(Far from) A Nashville No-Brainer
I think David Poile is one of the best general managers in the NHL. I’d go so far as to suggest that Poile more than anyone else has been responsible for the survival of the Predators in Nashville. At the time the league chose to expand to Nashville, I thought it was the most bizarre place any sports league had ever decided to establish a franchise. It is one thing to put a hockey team in a non-traditional market like Phoenix or Atlanta because they are huge cities. But Nashville? This is a small market for any major league sport, let alone one with little familiarity with the game.
But David Poile managed to build a quality organization and a hockey team that won a lot of games while spending very little money on players. While he has not been able to grow significant revenues, he has managed to build a passionate fanbase. That fanbase is still far too small, but revenue sharing, generous subsidies from the community and the team’s success has prevented the franchise from becoming a money pit for ownership. That’s great work for a zombie franchise in Gary Bettman’s hockey league.
Unfortunately, Poile does not have a formula that can convert an organization that does not generate significant revenues into a team that can legitimately contend for a championship. He can afford to ice a decent team – perhaps even a good one – but that will never be good enough for the best players. They want to win more than anything. That’s why the Predators could not re-sign Ryan Suter and it is why Shea Weber decided to accept a lucrative offer from the Philadelphia Flyers. Weber is making it clear that he does not believe that Nashville will ever challenge for the Stanley Cup. That’s why he wants out.

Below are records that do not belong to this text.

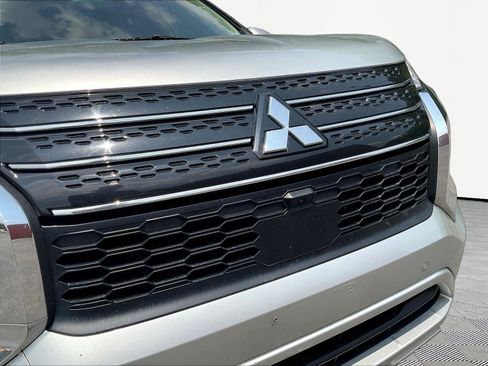 Used 2024 Mitsubishi Outlander SE Black Edition AWD/4WD image 31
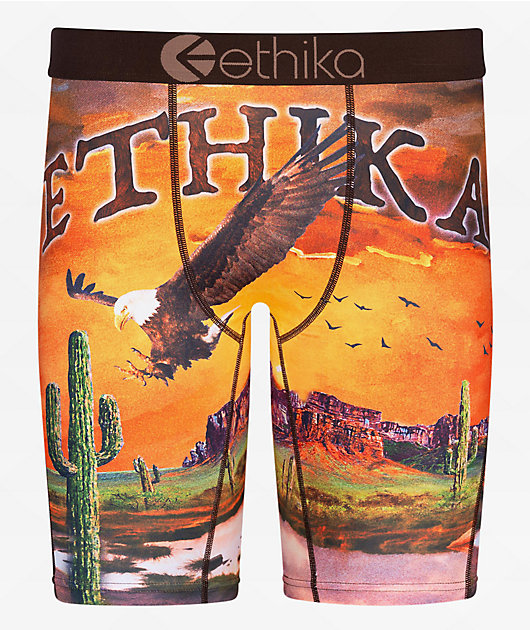 Ethika Sedona Nights Boxer Briefs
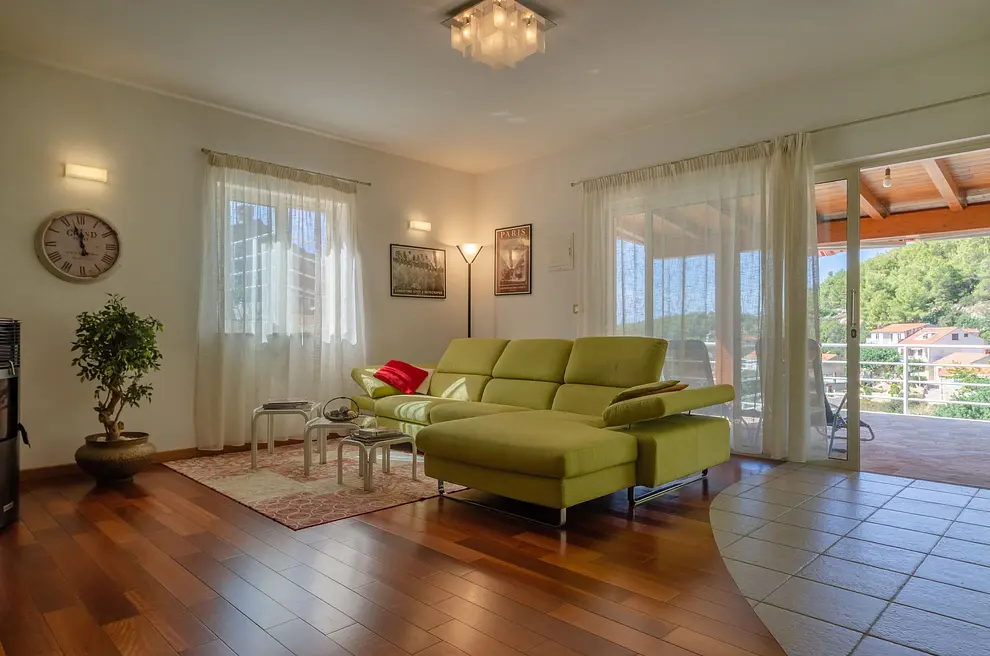 Ferienwohnung in Blato mit Pool 999209456 37379 – Foto 23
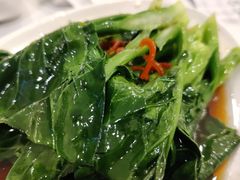 -老人和饭店(淮海中路店)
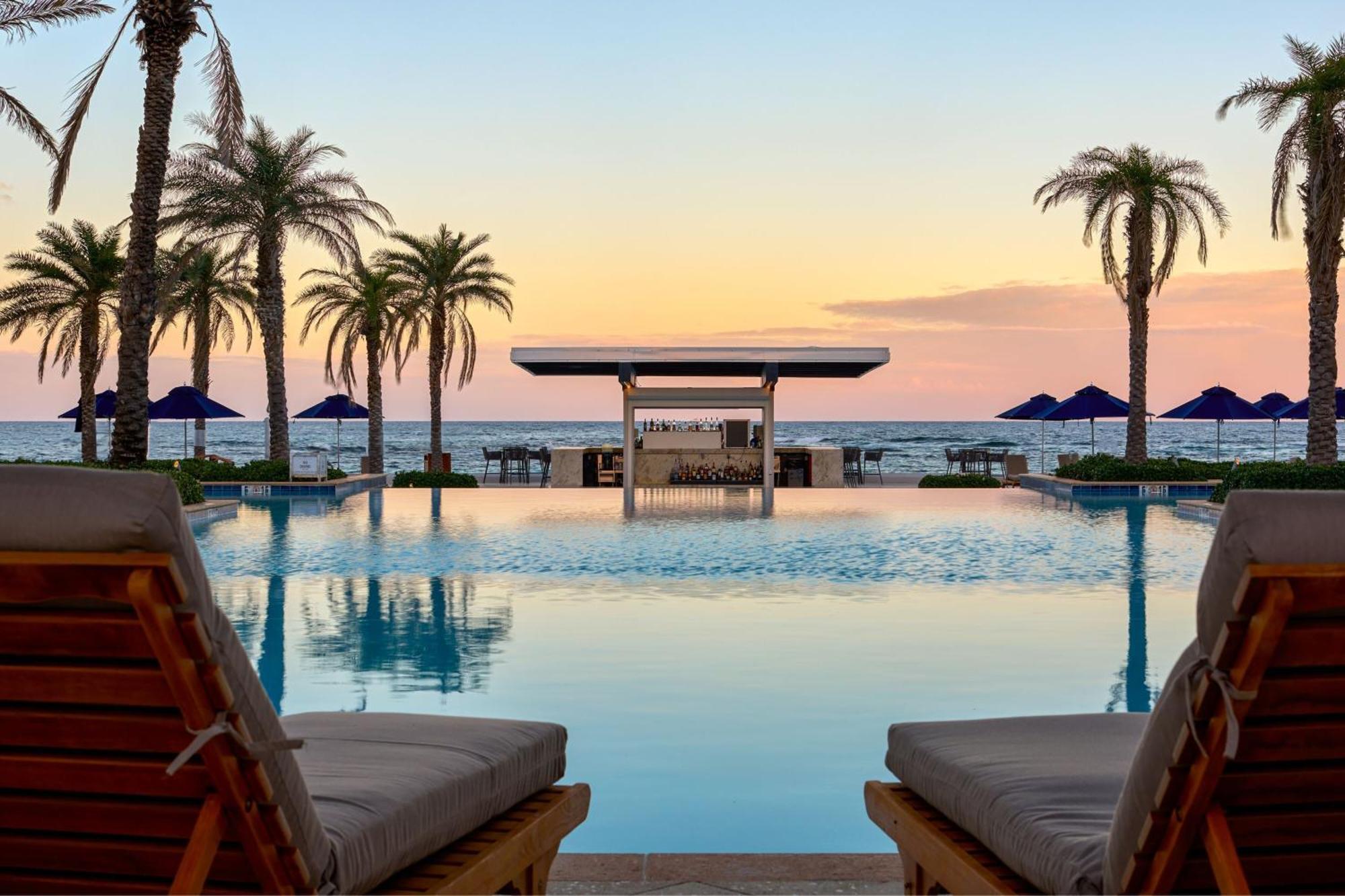 Jw Marriot St. Maarten Beach Resort & Spa Oyster Pond Eksteriør billede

The Flyers offer is indeed beyond the Predator ability to pay. The cap hit hardly matters to them, but the actual cash they would have to lay out over the first six years of the deal – $68 MM – doesn’t make any sense for a team that generates about $25 MM in ticket revenue a year and maximises revenue sharing by keeping the payroll low.
All that said, I don’t have any doubt that David Poile will match the offer, and Shea Weber will be a Nashville Predator next season. In fact, I think Paul Holmgran did David Poile a favour by making the offer. Absent an RFA offer, Poile and Weber would have agreed to a one year contract and David would have spent most of the season trying to extend Weber. Since Shea wants out of Nashville, the effort would have failed and Poile would have been faced with the prospect of trading his superstar next season at the trade deadline.
Now? Poile does not have to worry about trying to sign Weber. He knows exactly what it will cost him to keep Weber over the long term – too much – and exactly what it will cost him to keep him for next year. Poile has to find an extra $6.5 MM in his budget to keep Weber for next year. (Last year Weber cost $7.5 MM. Next year he will get $14 MM.) That will not be easy, but it is surely doable even if it means cutting talent elsewhere and even if it means that the Preds ice a poorer team next year.
What does Poile get for the extra $6.5 MM? First, he gets to keep Weber for one more year and he does not have to worry about finding a trade in the middle of next season. If he can pull a couple of other rabbits out of a hat, he may be able to ice a competitive team yet again. Second, he – and Weber – can pretend Shea may not be traded next summer. Third, he gets to auction off the Weber contract next summer and it is guaranteed that he will get far more than four draft picks for him, particularly if the new CBA eliminates lifetime contracts.
About the only rub in the deal is the prospect of a lockout. It’s one thing to pay Weber twice what you would like to pay for a season, but it is another to pay Weber not to play and Shea will get his $13 MM signing bonus even if the season is cancelled. Predator ownership will have to step up to that risk.
But this is really a no-brainer for Nashville. It’s worth way more than $6.5 MM to have Weber for one more year and to maximise the return in a trade. David Poile would match the contract in a heartbeat. If the Predator’s let Weber go to the Flyers, the ownership is making a mistake.
Update: I stand corrected on the cost of matching for Nashville. As commenters make clear, this is far from a Nashville no-brainer.